**EXERCISE DESCRIPTION**
Would you return the data below exactly as it stands, with every picture left out?

GIVEN INFORMATION: Begin

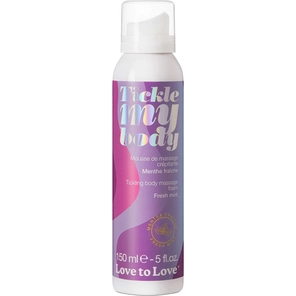  Массажная хрустящая пенка Tickle My Body Fresh Mint с ароматом мяты 150 мл 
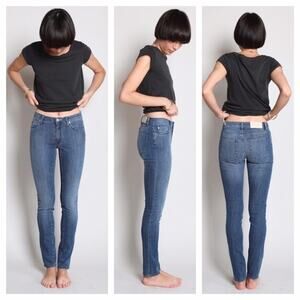 Acne Studios Flex S Atlantis Skinny Jeans‎ Blue Size 28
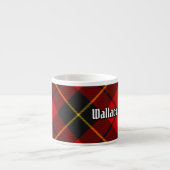 Clan Wallace Tartan Espresso Cup Espresso Kop (Voorkant)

GIVEN INFORMATION: End

**ANSWER BOX**
  Массажная хрустящая пенка Tickle My Body Fresh Mint с ароматом мяты 150 мл 
 Acne Studios Flex S Atlantis Skinny Jeans‎ Blue Size 28
 Clan Wallace Tartan Espresso Cup Espresso Kop (Voorkant)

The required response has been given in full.